> Work required: Word for word, print each line of the listing below; pictures stay out.

> Raw data:
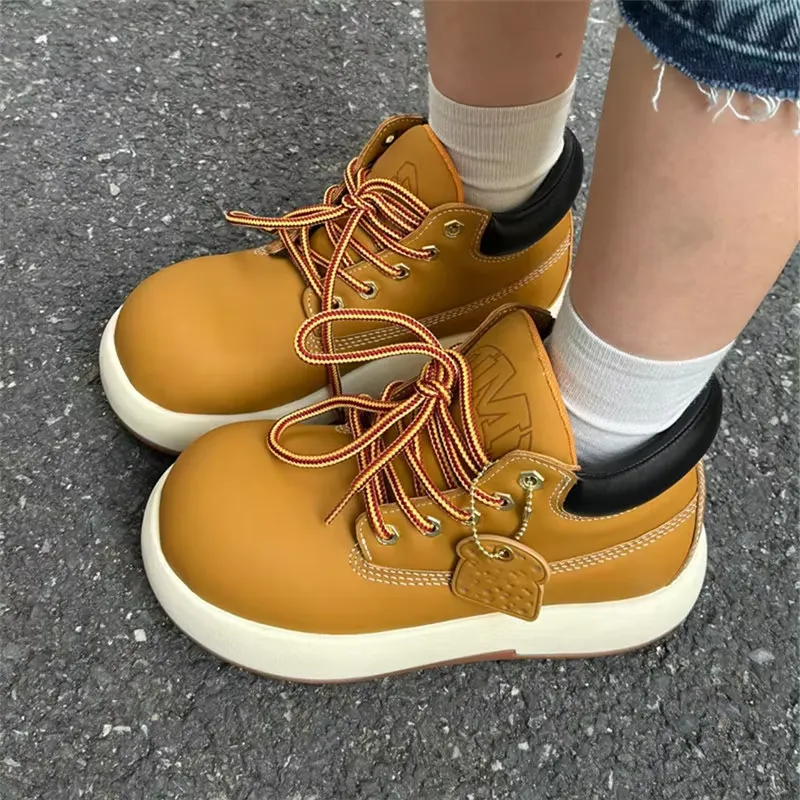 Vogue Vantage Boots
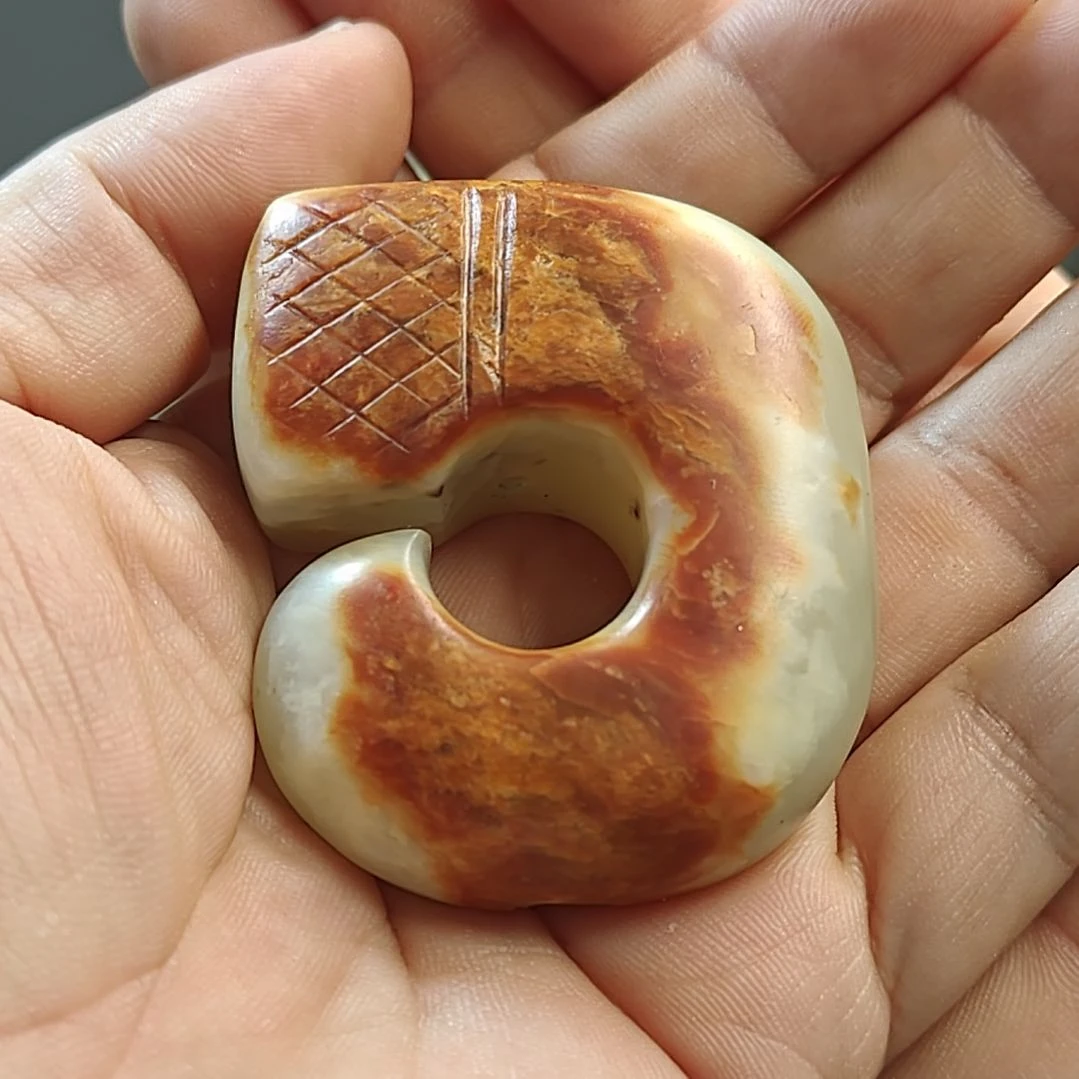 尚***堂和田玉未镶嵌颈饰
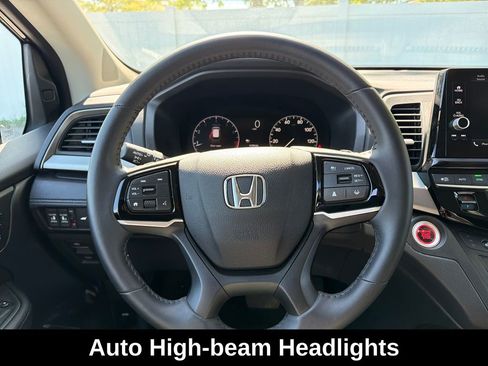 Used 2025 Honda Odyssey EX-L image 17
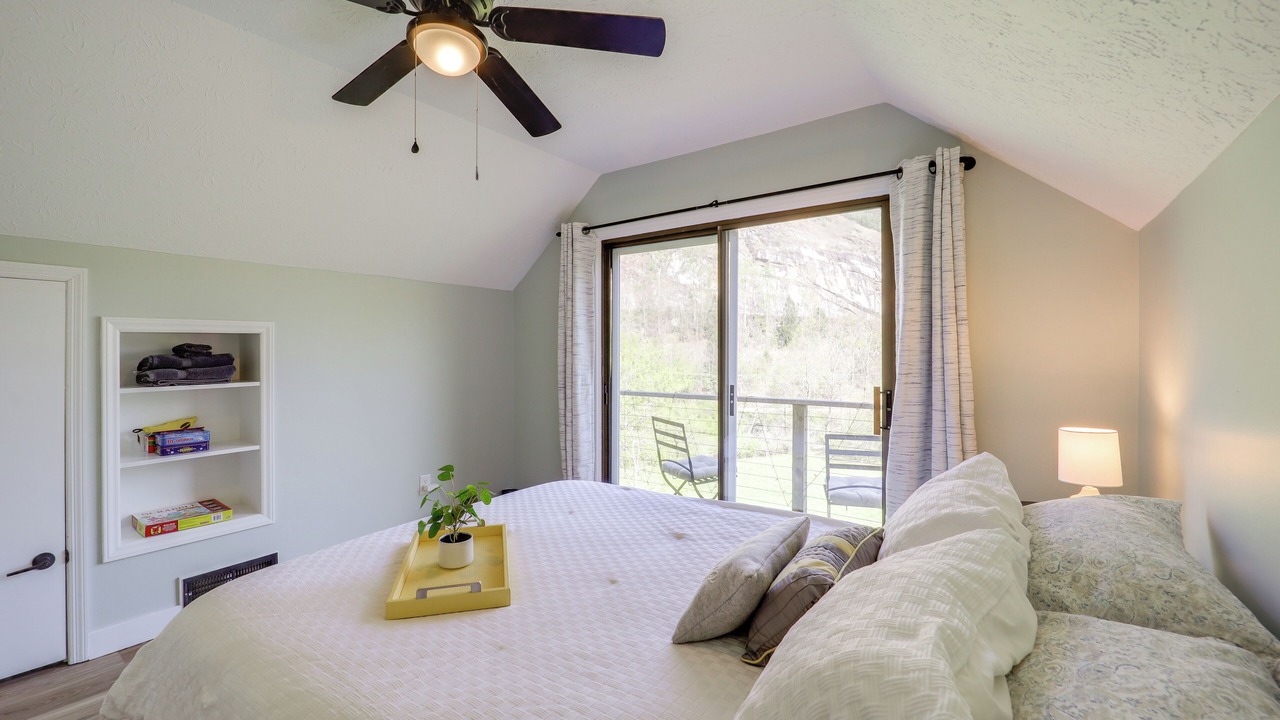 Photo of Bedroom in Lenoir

> Answer space:
 Vogue Vantage Boots
 尚***堂和田玉未镶嵌颈饰
 Used 2025 Honda Odyssey EX-L image 17
 Photo of Bedroom in Lenoir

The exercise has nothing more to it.